What condition has been shown to have more hospitalizations in the U.S. in the past years than pneumonia or heart attacks? It’s heart failure (HF).
HF is one of the leading causes of hospitalization, resulting in about 900,000 hospitalizations in the U.S. annually. That’s approximately two hospitalizations every minute. HF is a chronic, progressive condition that typically worsens over time. Approximately 40% of patients may be hospitalized four or more times in their lifetime.
HF signs and symptoms include shortness of breath or swelling of the feet, legs, and ankles. When some symptoms, like shortness of breath, are severe, patients may be hospitalized. It can result in missing work and other burdens. The experience may be terrifying and cause a great deal of stress for patients, their families, and caregivers.
For all too many living with HF, hospitalizations are a recurring part of their life. They are a hallmark of disease progression. While a visit to the hospital may provide symptom relief, the experience can have a serious impact on patients and their caregivers: about one in four patients may be readmitted — with the most common reason being HF — and up to 10% may die within 30 days of discharge.

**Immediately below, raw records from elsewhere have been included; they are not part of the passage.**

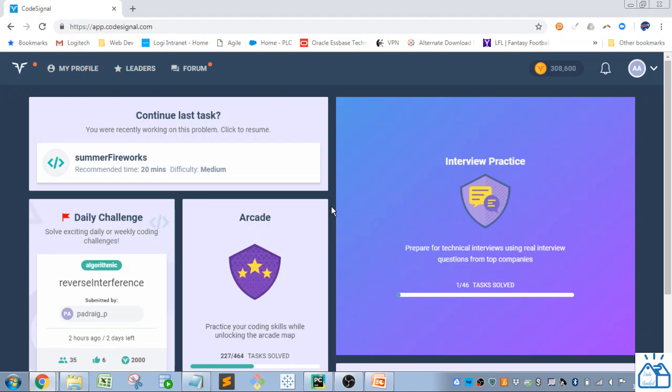Hello all, welcome to another quick learning. Today we're going back to CodeSignal to work on the database SQL coding exercises in the Arcade.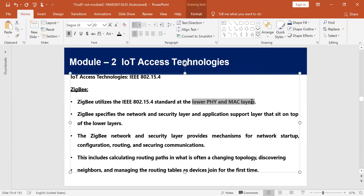ZigBee has a low-end physical layer and MAC layer. For every technology we discuss who designed it, how its physical layer works, and how its MAC layer works. We don't discuss other layers because all access technologies operate at the physical layer and data link layer — the network, transport, and application layers are common for any communication technology.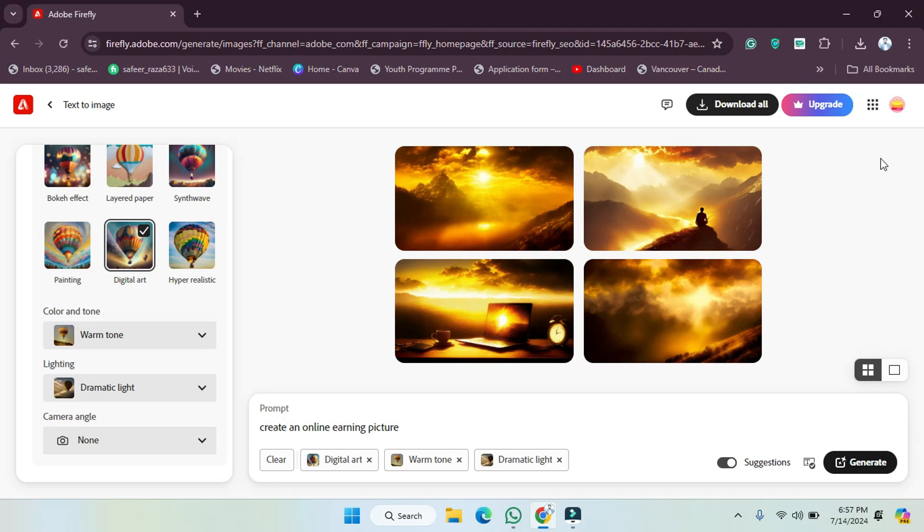Hope you guys are doing well, welcome back. In this video I'm going to show you how you can check the credits of your Adobe Firefly account, how many credits you have used and how many credits are remaining, and how you can buy them.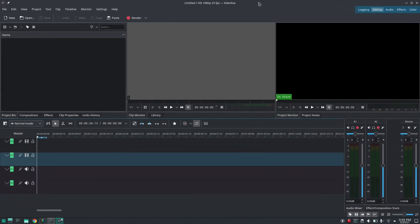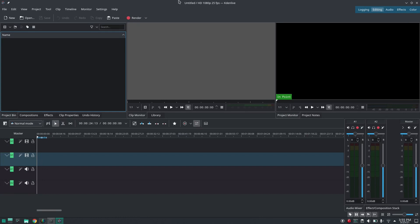So here you can see this is the default layout of Kdenlive. In this way, we can delete user config or layout in Kdenlive.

In certain populations, ~6 days has been the estimated average length of stay, making the burden of HF costly for the patient and caregiver, and also for society. HF presents a major, growing health-economic burden that exceeds $30 billion in the U.S., which accounts for direct and indirect costs. As the population ages, the burden of HF and related hospitalizations increases.
However, many hospitalizations may be avoidable, and there are options for patients and their health care providers.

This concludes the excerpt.